What is needed — Your task is to repeat exactly the lines from the one with "Aerial view of" through the end of the records, both included; please leave the pictures out.

** Opening Provided data block **

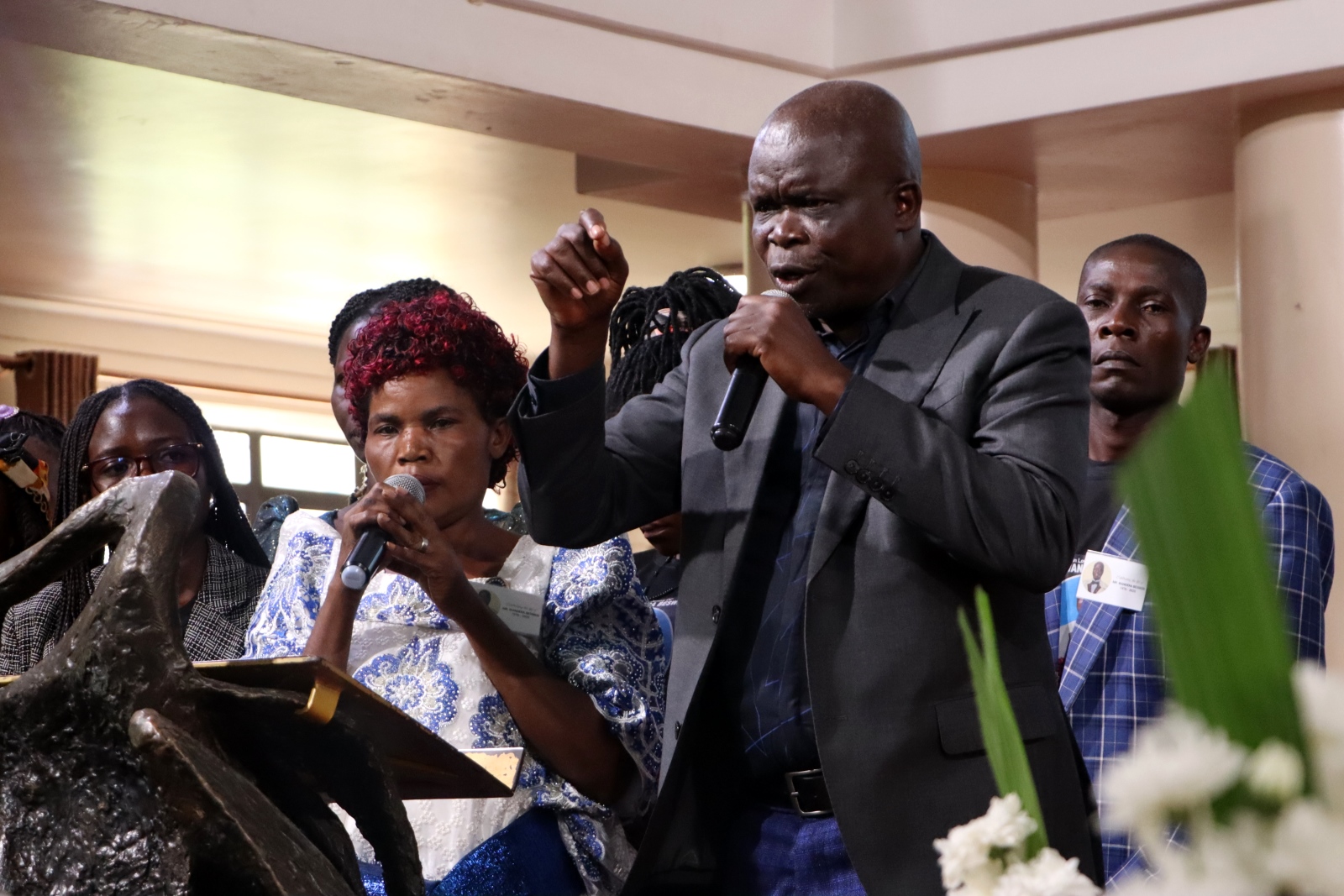 Mr. Wandera's widow, Everlyn Hayoko Nanyanga (in white gomesi) makes her remarks as Mr. Isaac Egesa Obuli (Right) interprets. Funeral Service in honour Mr. Besweri Wandera, Assistant Lecturer, Department of Sports Science, College of Natural Sciences (CoNAS), 24th July 2025, St. Francis Chapel, Makerere University, Kampala Uganda, East Africa.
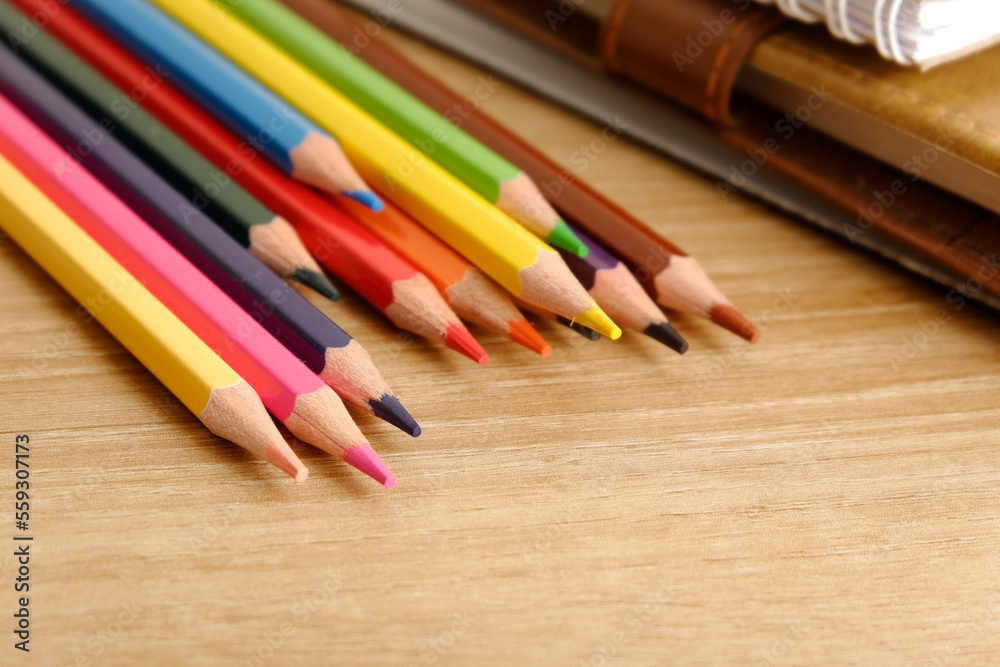 colored pencils against the background of a desk, notebook, white wall colored pencils against the background of a desk, notebook, white wall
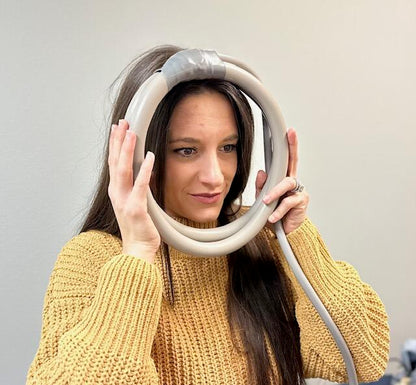 Woman with PEMF loop held up to face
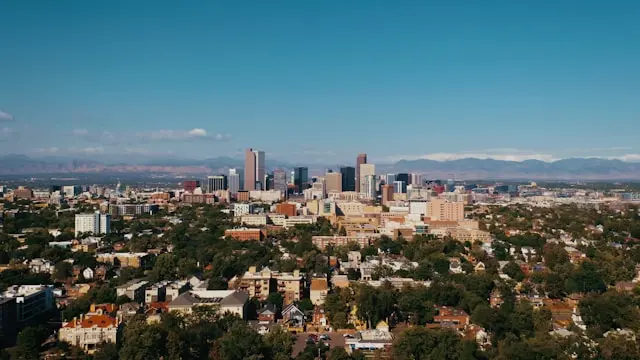 Aerial view of downtown Denver and the Front Range foothills representing Taylor Appraising’s residential service area across the Denver Metro counties.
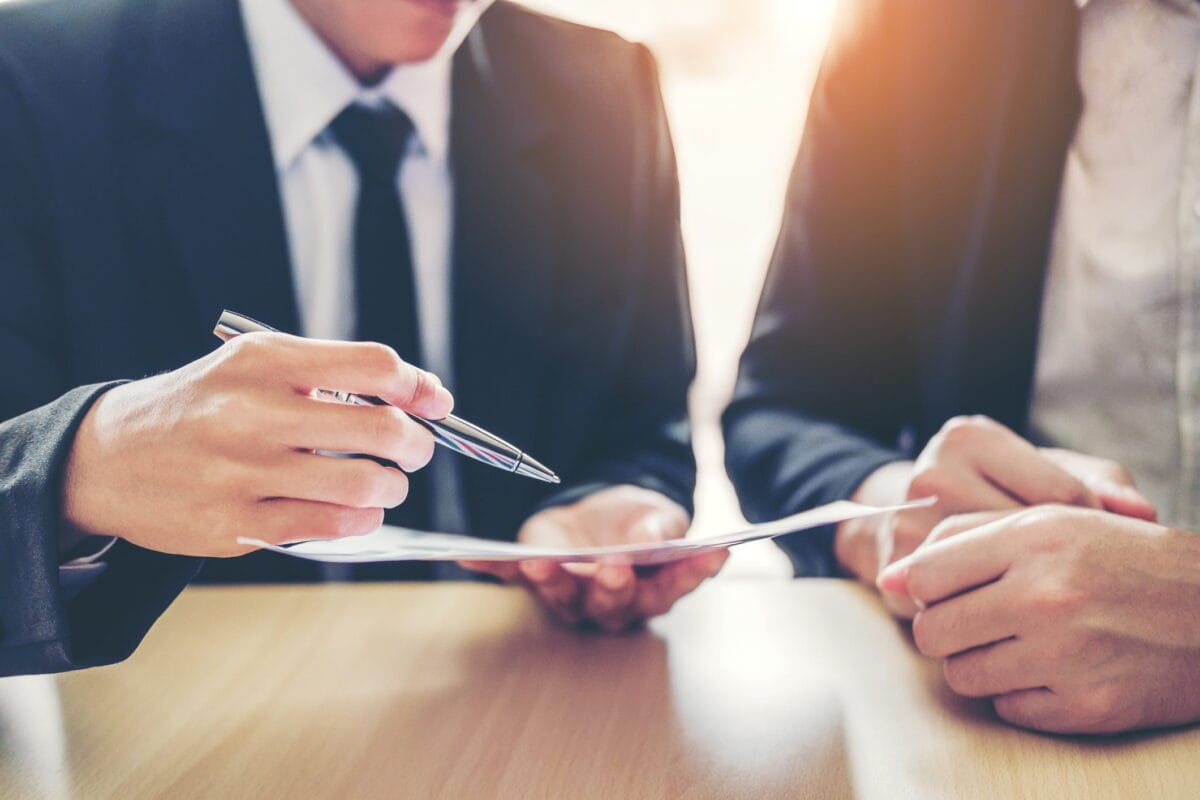 Two professionals in business attire reviewing and discussing a document at a desk, with one person holding a pen and pointing at the paper.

** Closing Provided data block **

Task result —
 Aerial view of downtown Denver and the Front Range foothills representing Taylor Appraising’s residential service area across the Denver Metro counties.
 Two professionals in business attire reviewing and discussing a document at a desk, with one person holding a pen and pointing at the paper.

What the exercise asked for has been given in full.